Em fevereiro deste ano a 3ª Turma do Superior Tribunal de Justiça (STJ) entendeu que, sim, é possível a exclusão extrajudicial de sócio com base em documento – Estatuto – mesmo que o contrato social não preveja esta possibilidade.
A decisão do REsp 2170665/DF teve grande repercussão, tanto no meio jurídico quanto no meio empresarial, porque estabeleceu novos parâmetros para a governança das sociedades empresariais, principalmente sobre a gestão de conflitos internos.
Tudo começou porque um sócio foi excluído de uma sociedade limitada por falta grave. No entanto, a exclusão sem a intervenção judicial não estava prevista no contrato social da empresa. Diante disso, o sócio excluído recorreu à Justiça, alegando que, conforme artigo 1085 do Código Civil, a exclusão extrajudicial só seria válida se houvesse uma cláusula expressa no contrato social da empresa, o que não era o caso.
Porém, antes da exclusão, todos os sócios celebraram um documento chamado “Estatuto” que, embora não tenha sito registrado na Junca Comercial, foi assinado por todos, inclusive pelo sócio excluído.

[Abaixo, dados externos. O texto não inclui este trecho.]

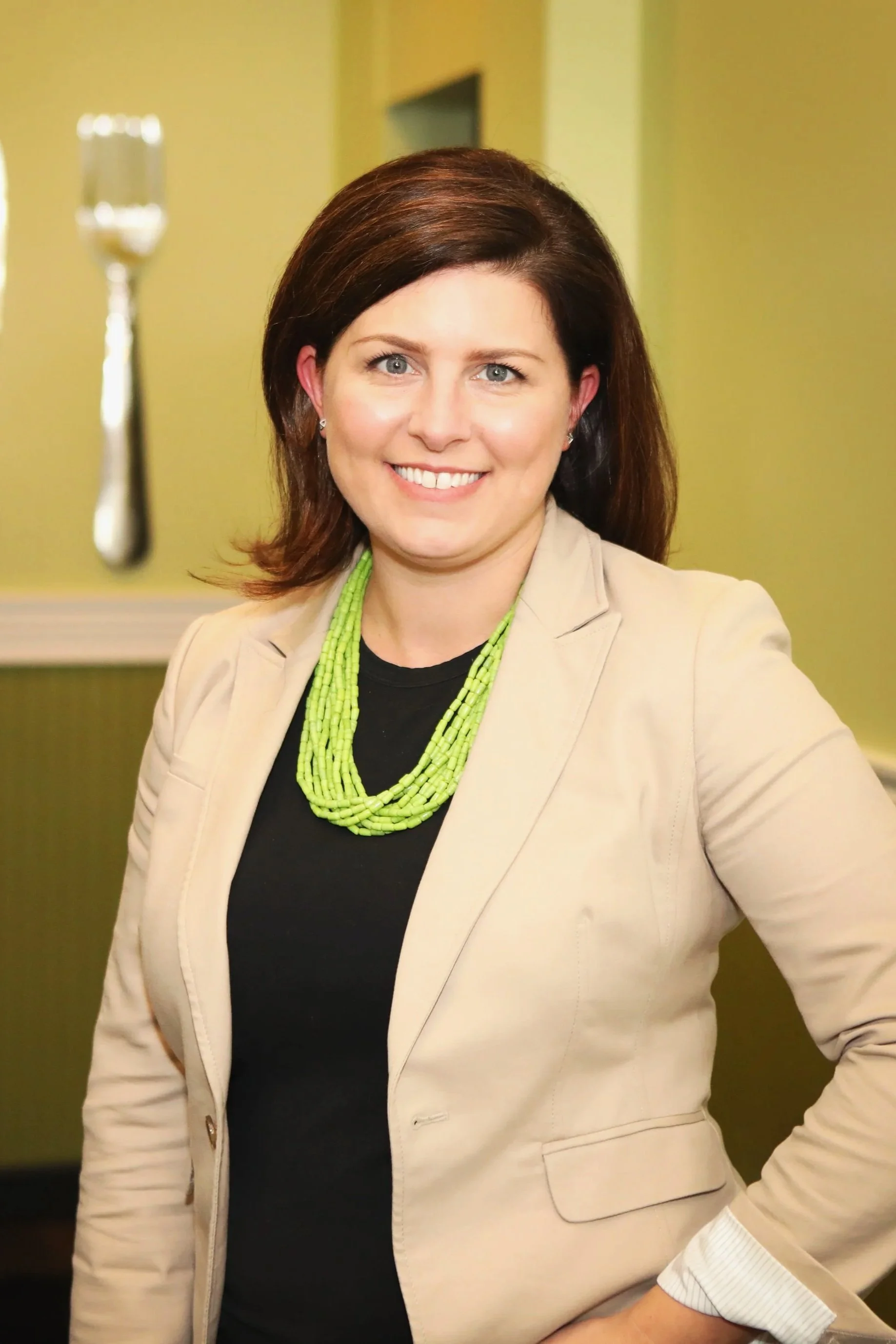 A woman with brown hair and blue eyes, smiling, wearing a beige blazer, black shirt, and a multi-strand green necklace, standing in a room with yellow walls and a large spoon decoration in the background.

Esse estatuto estabelece, entre outros pontos, regras claras para exclusão de sócios e, conforme o entendimento do relator, Min. Ricardo Villas Bôas Cueva, esse documento poderia ser considerado um aditamento ao contrato social.
Um argumento interessante trazido pelo sócio excluído se pautava na ideia de que este “Estatuto” teria natureza de “Acordo de Sócios” e não uma modificação do contrato social, sendo portanto um documento “parassocial” e, por isso, não tem o mesmo peso jurídico que o contrato social.

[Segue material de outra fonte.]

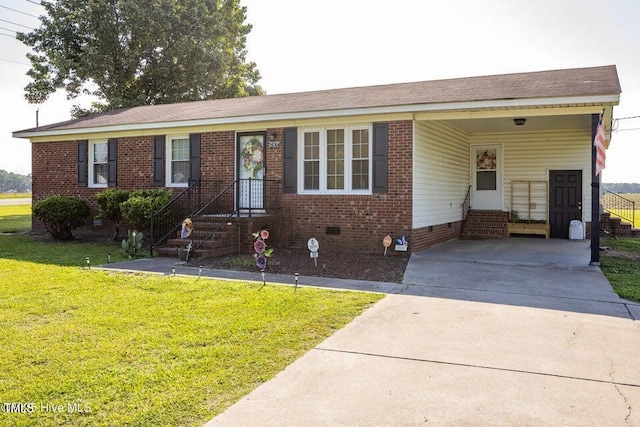 800 S Vance St, Fremont, NC 27830 - ranch-style house with an attached carport, a front lawn, concrete driveway, crawl space, and brick siding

É fato que a diferenciação entre um contrato social e um acordo de sócios nem sempre é simples, mas, no caso em tela, o STJ entendeu que este estatuto tratava de matérias típicas de um contrato social, estruturando e regulando a vida social e não somente os interesses particulares dos sócios, de modo que não faria sentido entende-lo como um acordo de sócios.
Se fôssemos seguir a lógica do sócio excluído, seria um acordo entre sócios, mas com clausulas inválidas, já que elas não podem ir contra o que está estabelecido no contrato social. No entanto, essa interpretação não leva em consideração a dinâmica real do negócio.
De acordo com a Corte, não faria sentido que os sócios, ao constituírem a sociedade, firmassem contrato social e , em seguida, elaborassem um acordo contrário a ele.
A interpretação mais lógica seria de que o Estatuto buscava apenas complementar as disposições do contrato, refletindo a vontade de todos os sócios de regulamentar de forma mais detalhada a convivência empresarial.
Dessa forma, o STJ concluiu que a exclusão extrajudicial de um sócio poderia ocorrer com base neste Estatuto, mesmo sem registro formal, desde que o documento fosse assinado por todos os sócios e estabelece claramente as condições para a exclusão.
Ou seja, ao assinarem o estatuto os sócios demonstraram ciência e concordância com suas disposições, conferindo ao documento validade entre as pares e produzindo efeitos imediatos.
A decisão do SJT traz uma nova perspectiva para as sociedades limitadas, especialmente no que diz respeito à gestão e resolução de conflitos internos. Ela reforça a importância de um bom planejamento e documentação entre os sócios, com a formalização de acordos claros sobre a operação da sociedade e as regras de convivência.
A possibilidade de resolver questões como a exclusão de um sócio sem recorrer ao Judiciario desse que haja documentos internos definindo tais regras, pode acelerar a resolução de conflitos, evitar que disputas se tornem mais complexas e exijam a intervenção judicial e prevenir lacunas que possam gerar impasses futuros.
Em um ambiente corporativo dinâmico, ter um bom jurídico te apoiando desde o início pode te ajudar a ter flexibilidade e clareza nas regras internas, que são fundamentais para o bom funcionamento e prosperidade da sociedade.